Can combative language about class be categorised as hate speech? Kenyan politics is grappling with this question as a language of “hustlers versus dynasty” grips the country.
A committee of members of parliament has put forward a bill to include class, termed “social status”, in the document, along with ethnicity as an inexcusable form of incitement. The National Cohesion and Integration Commission (NCIC), founded after the post-election violence that took place in Kenya in 2007–2008, appears to be in favour. According to an article in Kenya’s Daily Nation paper, the chairman of NCIC, Dr Samuel Kobia, said that the hustler-dynasty debate “risks plunging the country into chaos”. He advocated for quick, strong action, saying, “If this is not properly handled, it could lead the country the Rwanda way in 2022.”
The phrase “hustlers versus dynasty” was coined by Deputy President William Ruto, following a political upset.

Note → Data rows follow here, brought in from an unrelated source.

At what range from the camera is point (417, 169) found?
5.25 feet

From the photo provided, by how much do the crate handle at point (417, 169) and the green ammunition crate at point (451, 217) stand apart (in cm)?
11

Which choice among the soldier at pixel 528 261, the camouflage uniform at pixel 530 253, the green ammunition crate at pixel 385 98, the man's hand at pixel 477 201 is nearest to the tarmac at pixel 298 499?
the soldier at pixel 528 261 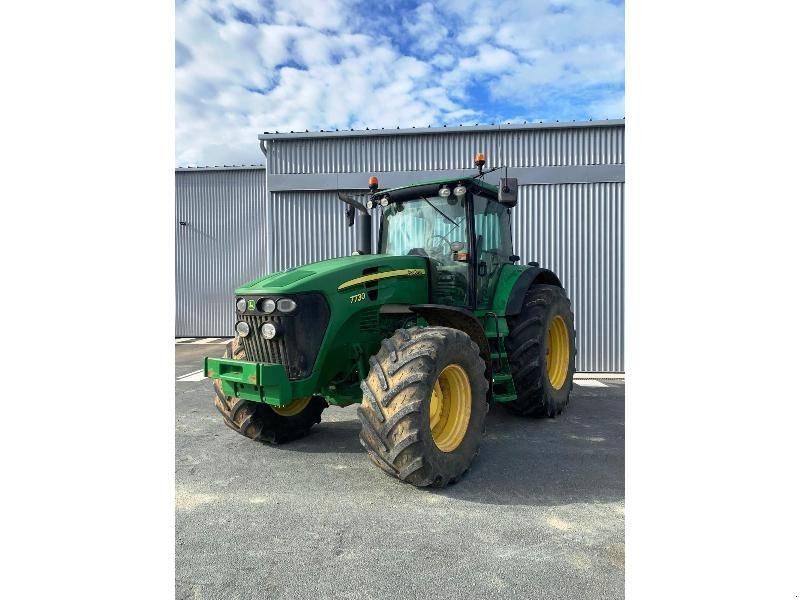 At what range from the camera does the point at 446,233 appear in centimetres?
425

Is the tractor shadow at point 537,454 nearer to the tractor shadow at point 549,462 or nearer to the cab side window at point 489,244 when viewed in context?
the tractor shadow at point 549,462

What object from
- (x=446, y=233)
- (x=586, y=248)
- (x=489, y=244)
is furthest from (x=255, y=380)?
(x=586, y=248)

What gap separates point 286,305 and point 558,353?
362 cm

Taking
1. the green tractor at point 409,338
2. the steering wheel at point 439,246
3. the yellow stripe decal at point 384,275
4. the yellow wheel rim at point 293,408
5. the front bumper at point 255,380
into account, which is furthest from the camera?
the steering wheel at point 439,246

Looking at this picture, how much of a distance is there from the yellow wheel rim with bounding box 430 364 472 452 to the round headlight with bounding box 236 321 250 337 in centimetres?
149

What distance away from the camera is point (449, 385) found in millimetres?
3371

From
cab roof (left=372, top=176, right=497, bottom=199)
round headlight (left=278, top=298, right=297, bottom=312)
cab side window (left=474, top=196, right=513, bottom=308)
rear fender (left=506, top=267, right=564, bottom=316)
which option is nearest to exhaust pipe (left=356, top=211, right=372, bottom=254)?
cab roof (left=372, top=176, right=497, bottom=199)

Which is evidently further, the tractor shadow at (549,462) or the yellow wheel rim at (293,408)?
the yellow wheel rim at (293,408)

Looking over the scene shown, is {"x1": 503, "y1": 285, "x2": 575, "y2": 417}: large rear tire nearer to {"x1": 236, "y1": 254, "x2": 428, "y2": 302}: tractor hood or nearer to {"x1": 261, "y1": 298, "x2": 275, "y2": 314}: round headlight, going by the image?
{"x1": 236, "y1": 254, "x2": 428, "y2": 302}: tractor hood

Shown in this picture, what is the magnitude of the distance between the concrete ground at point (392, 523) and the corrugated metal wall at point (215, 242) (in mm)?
8101

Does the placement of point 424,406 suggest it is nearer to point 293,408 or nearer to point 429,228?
point 293,408

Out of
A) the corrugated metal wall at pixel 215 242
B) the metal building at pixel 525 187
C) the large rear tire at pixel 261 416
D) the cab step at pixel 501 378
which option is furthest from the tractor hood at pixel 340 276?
the corrugated metal wall at pixel 215 242

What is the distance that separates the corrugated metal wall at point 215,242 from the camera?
11.5 m

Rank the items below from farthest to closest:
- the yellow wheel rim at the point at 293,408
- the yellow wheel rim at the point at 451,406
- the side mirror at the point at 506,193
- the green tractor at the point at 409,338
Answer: the yellow wheel rim at the point at 293,408 < the side mirror at the point at 506,193 < the yellow wheel rim at the point at 451,406 < the green tractor at the point at 409,338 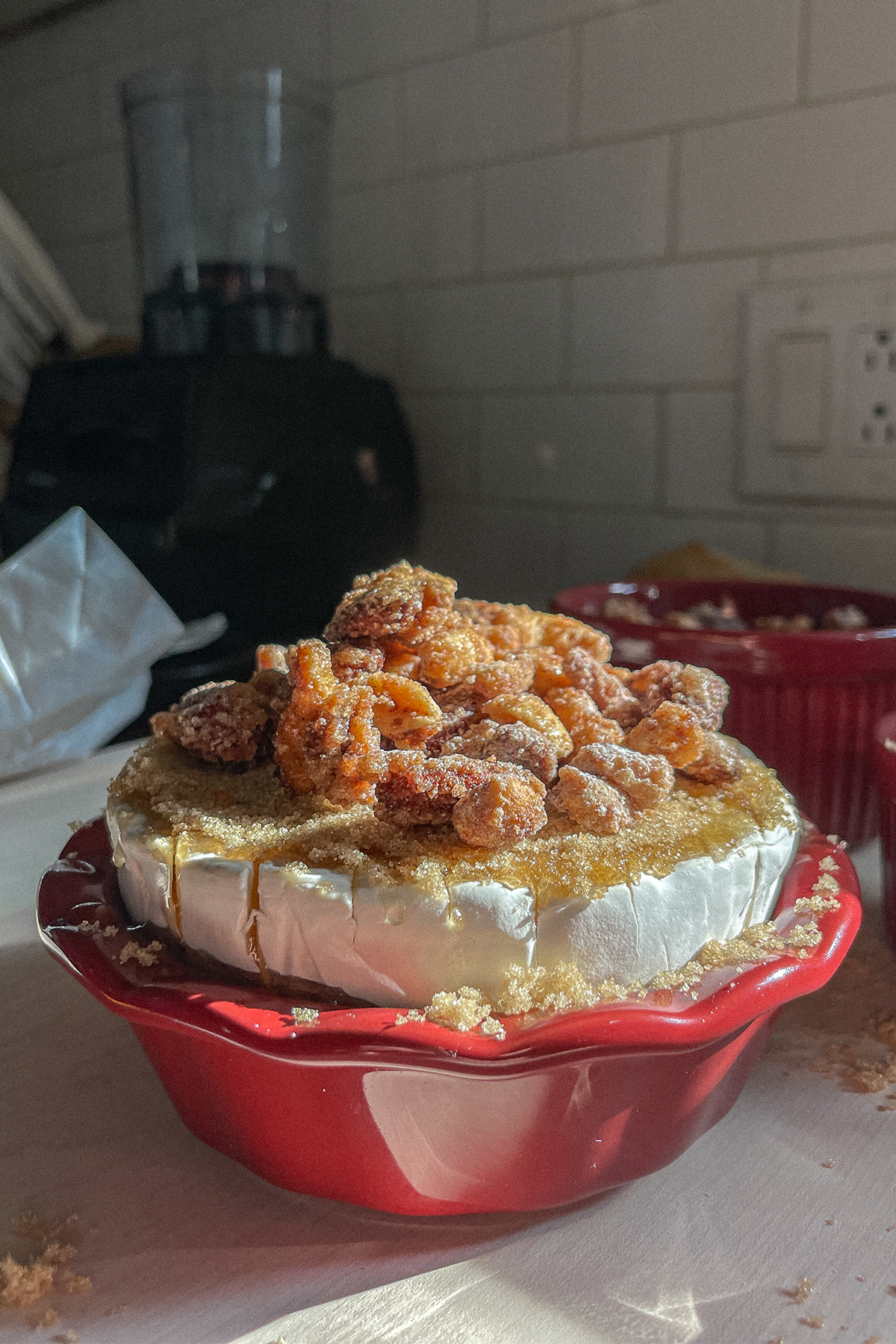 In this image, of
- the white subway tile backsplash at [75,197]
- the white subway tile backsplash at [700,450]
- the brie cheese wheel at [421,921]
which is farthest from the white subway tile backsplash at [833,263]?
the white subway tile backsplash at [75,197]

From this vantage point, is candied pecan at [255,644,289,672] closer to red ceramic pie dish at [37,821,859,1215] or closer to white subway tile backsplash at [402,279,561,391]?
red ceramic pie dish at [37,821,859,1215]

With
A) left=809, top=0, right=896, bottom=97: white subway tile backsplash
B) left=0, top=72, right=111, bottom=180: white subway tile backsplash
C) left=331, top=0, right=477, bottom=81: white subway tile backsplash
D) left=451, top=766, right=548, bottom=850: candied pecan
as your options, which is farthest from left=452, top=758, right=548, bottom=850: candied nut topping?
left=0, top=72, right=111, bottom=180: white subway tile backsplash

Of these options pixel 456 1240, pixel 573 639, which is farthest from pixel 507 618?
pixel 456 1240

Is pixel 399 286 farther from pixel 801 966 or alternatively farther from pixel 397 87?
pixel 801 966

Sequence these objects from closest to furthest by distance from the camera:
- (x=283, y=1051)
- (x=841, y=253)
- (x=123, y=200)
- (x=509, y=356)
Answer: (x=283, y=1051) → (x=841, y=253) → (x=509, y=356) → (x=123, y=200)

Uhuru Kenyatta, Kenya’s current president, had agreed that he would support Ruto’s candidacy for the next presidential election in 2022. Then, in March 2018, Kenyatta reversed course. He invited his former political rival Raila Odinga to the presidential office and after a private meeting, the two men publicly sealed their new partnership with the now famous “handshake”.
Scorned and looking to bolster his position against the current president, Ruto labelled Kenyatta’s brand of politics as “dynasty” in contrast with his own hustler identity, one that he has long embraced, despite his now substantial wealth. Ruto’s humble background is well known – he talks of how he went to school barefoot, getting his first pair of shoes when he was about 15, and worked as a young man selling chickens by the side of the road.

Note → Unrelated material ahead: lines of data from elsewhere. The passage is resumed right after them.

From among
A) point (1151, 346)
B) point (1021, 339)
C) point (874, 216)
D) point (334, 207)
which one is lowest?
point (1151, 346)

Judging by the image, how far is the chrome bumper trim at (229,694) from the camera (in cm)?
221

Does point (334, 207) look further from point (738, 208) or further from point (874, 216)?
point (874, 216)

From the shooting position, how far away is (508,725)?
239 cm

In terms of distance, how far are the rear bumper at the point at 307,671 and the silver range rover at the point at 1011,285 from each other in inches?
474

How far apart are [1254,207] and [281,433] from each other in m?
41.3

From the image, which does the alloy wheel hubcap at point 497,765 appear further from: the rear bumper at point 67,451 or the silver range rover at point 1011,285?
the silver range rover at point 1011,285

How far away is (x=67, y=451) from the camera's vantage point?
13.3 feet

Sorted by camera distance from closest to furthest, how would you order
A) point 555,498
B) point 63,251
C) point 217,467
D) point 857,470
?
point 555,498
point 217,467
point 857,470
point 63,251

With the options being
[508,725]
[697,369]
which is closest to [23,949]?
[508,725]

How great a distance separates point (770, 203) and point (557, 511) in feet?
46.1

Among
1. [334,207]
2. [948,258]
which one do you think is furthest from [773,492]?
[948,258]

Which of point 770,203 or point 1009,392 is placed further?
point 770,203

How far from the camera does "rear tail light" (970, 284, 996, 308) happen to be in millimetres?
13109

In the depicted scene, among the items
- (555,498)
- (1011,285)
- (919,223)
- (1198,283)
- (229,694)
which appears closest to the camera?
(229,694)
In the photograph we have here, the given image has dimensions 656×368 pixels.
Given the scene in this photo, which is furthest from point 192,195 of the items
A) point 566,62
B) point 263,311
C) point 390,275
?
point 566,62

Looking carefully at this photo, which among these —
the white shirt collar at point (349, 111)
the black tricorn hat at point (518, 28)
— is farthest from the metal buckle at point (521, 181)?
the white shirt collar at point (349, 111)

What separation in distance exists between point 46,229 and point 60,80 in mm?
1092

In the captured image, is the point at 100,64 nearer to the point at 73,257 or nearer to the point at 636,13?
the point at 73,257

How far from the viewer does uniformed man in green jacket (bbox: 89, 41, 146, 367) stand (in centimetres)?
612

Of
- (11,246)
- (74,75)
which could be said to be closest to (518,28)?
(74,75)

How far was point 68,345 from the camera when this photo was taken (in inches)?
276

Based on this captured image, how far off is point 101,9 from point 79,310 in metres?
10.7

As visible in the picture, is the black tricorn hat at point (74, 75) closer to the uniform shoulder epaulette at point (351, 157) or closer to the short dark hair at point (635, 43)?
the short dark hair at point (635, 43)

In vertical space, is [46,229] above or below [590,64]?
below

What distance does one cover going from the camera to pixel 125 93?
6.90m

In contrast, President Kenyatta and his former rival Odinga can boast of few hustler credentials. Kenyatta is the son of Kenya’s first president, Jomo Kenyatta. Odinga is the son of the country’s first vice president, Jaramogi Odinga. Both grew up comfortably and studied internationally after secondary school, Kenyatta in the US and Odinga in Germany. Also part of the so-called dynasty team is Gideon Moi, the son of Kenya’s longest-serving president, Daniel arap Moi.
While ethnicity has been the dominant dividing line in Kenyan politics, some argue that a new language of “hustlers versus dynasty” suggests the emergence of a more class-based politics While ethnicity has been the dominant dividing line in Kenyan politics, some argue that a new language of “hustlers versus dynasty” suggests the emergence of a more class-based politics. Wycliffe Muga, a columnist of the Star newspaper, wrote, “Dr Ruto is offering the great majority of Kenyans (who are most definitely poor) a new form of identity politics. He invites his supporters to put behind them their usual focus on regional and linguistic tribal solidarity, and to embrace what amounts to a neo-Marxist theoretical framework that gives them a new identity as the betrayed and longsuffering ‘wretched of the earth’.”

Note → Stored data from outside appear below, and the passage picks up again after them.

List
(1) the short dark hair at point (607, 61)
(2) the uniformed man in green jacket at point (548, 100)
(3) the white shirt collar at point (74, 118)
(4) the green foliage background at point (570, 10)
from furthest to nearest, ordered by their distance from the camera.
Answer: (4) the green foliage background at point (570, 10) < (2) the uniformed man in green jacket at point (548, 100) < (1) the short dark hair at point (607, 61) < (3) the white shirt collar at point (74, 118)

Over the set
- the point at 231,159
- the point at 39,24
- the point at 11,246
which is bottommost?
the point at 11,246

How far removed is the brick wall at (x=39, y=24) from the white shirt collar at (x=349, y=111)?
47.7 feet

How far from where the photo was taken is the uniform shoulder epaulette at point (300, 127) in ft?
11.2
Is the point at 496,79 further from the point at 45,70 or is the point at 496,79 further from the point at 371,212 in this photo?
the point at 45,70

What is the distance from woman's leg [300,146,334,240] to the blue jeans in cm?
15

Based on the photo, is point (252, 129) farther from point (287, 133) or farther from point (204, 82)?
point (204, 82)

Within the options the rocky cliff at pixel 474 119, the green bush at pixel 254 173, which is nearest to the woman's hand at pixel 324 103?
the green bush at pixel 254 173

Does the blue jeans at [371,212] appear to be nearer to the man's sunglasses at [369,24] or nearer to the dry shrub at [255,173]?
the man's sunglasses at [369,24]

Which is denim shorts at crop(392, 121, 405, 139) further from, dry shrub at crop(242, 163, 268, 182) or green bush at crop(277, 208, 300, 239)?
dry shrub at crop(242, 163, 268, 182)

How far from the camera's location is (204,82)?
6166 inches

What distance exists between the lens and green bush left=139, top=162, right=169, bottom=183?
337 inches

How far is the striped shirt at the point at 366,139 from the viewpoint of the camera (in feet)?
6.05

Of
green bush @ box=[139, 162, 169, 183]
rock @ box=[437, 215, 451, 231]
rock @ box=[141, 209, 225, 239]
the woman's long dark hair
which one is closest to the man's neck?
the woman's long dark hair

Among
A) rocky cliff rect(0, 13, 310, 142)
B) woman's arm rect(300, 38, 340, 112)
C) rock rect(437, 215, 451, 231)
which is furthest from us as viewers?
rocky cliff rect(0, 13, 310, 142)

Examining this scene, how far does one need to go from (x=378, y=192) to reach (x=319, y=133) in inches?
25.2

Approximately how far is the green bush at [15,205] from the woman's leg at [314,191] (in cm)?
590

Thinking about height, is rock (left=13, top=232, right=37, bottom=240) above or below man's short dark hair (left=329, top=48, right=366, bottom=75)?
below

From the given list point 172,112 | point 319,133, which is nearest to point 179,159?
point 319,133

But Ruto uses the term “hustlers”, rather than “the poor”, and that seems to be a key distinction. Scholars of Kenya’s “hustle economy”, such as Tatiana Thieme, describe how there is an appealing form of agency in the hustler identity. Hustlers are not victims, pure and simple, they are strivers.
Furthermore, politics of grievance are never about one axis of inequality, even if that is what appears on the surface. The hustler-dynasty frame is no exception; it resonates for reasons beyond class.
In particular, there is a gendered dimension to the term “hustling”. In my own research, though the informal economy is easy on no one, I found that young men were much more likely to describe themselves as hustlers or use hustling to describe their means of getting by. Given the political and economic landscape of Kenya, dynasty is also coded as male, with lineages of power carried on by men as is common elsewhere in the world.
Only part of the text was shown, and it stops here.